Interview with Genea Barnes
 

How did you get the idea for this project?

In May 2010, I was living in San Francisco and used to come to New York pretty regularly. I was walking around shooting stuff and saw my first ghost bike. It just hit me as something really profound. I rode a bike. I’m not a crazy bike rider, but it was my main means of transportation, and I was just struck. I saw a couple more over the course of my trip, and wanted to come back and shoot them, and it snowballed from there. I sought them out in every city I went to over the next few years, and decided I wanted to make a full project out of it. I did a Kickstarter and funded a road trip. I flew to NY to start it, went down the east coast, and zig-zagged up through the midwest and Canada and back down through Vermont, New York, and Maine.


How did you choose your route?

I knew there were a lot of ghost bikes in New York. In my other travels I discovered they were often cut down very soon after they were placed. My idea was to be able to cover as much ground as I could in the amount of time that I had, and usually bigger cities had more opportunities for ghost bikes, so I chose parts of the country where I could travel from city to city as quickly as possible.
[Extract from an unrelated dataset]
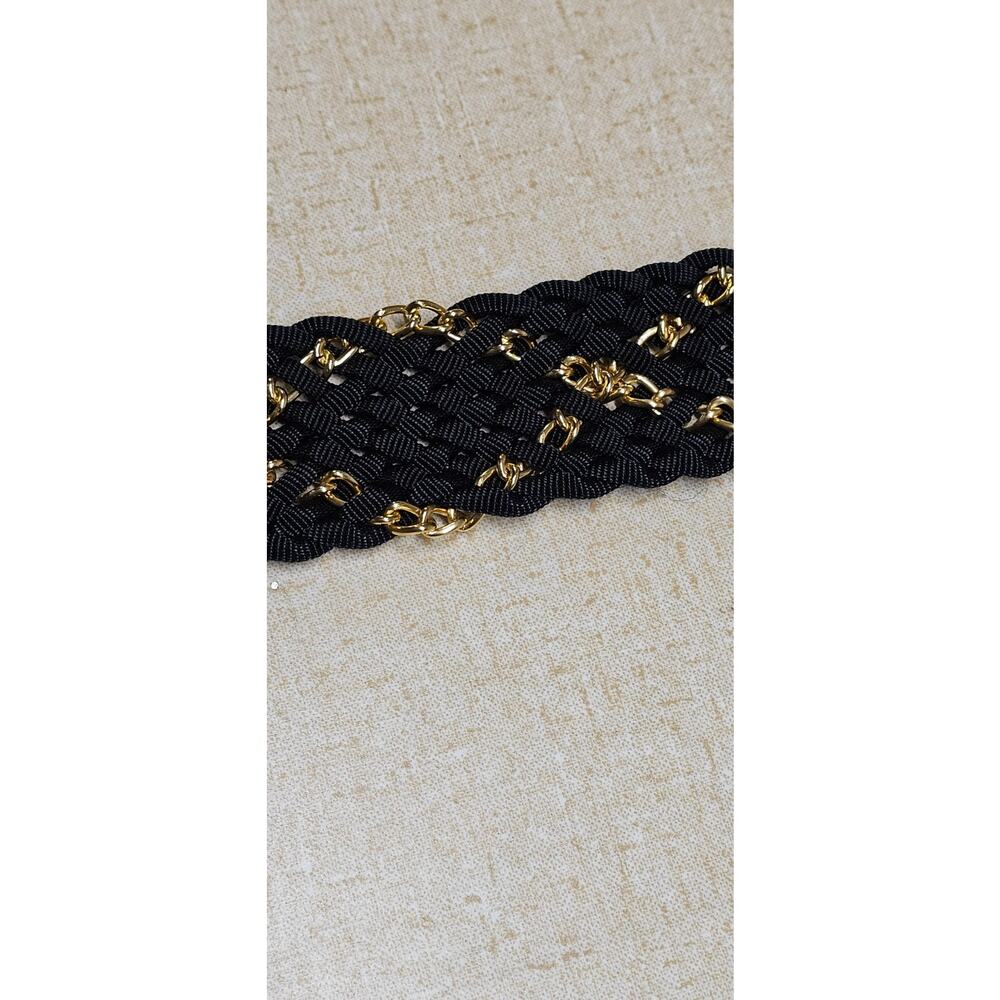 Vintage ROC Wide Black Gold Braided Chain Fashion Belt 80s 90s L /42" Glam - Picture 6 of 8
How did you find ghost bikes in a city?

There is a website called ghostbikes.org that I originally used to find my ghost bikes. But I discovered you can’t really go by what was placed at one time. So I did a ton of research. I mapped out the basic areas I wanted to hit, and reached out to people in the bicycle communities in those towns to find out if there were any that were up.

How did the ghost bike phenomenon start?

I believe a man in St. Louis did an art project where he painted bicycles white and locked them to every intersection where a cyclist had been killed. People saw it and were moved by it. Now you find them in Europe and South America. It’s not just in the United States.

What is it like to stand at one of those sites?

You see a lot of roadside memorials, and you always know somebody died there, but you don’t know how it happened. When you stand at a site and you see a ghost bike, you know there was a moment in time where someone was careless and not paying attention to where they were in reference to other people or things around them. And that is something that affects all of us, not just people that ride bikes.  We are so in our own heads and in our devices that we are not conscious of where we are in space anymore. And so a ghost bike is such a reminder of the worst possible outcome of that lack of awareness. 

Do any of the bikes you’ve seen stand out in your mind?

There's one in Chicago I was at twice over the span of two years, and I believe that after the winter, the mom went out and redecorated it. Right outside of Detroit, they take the ghost bike down for the winter and then they put it back up. I think that sometimes when bikes are placed by loved ones there’s more care to the decoration and the representation of who the bike was for, the actual person. But I think the power of the idea is really the thing that keeps them the same. It doesn’t matter if the bike is completely stripped, barely there. It’s still a reminder to be cautious, and remember what’s happened and do our best to not repeat the past.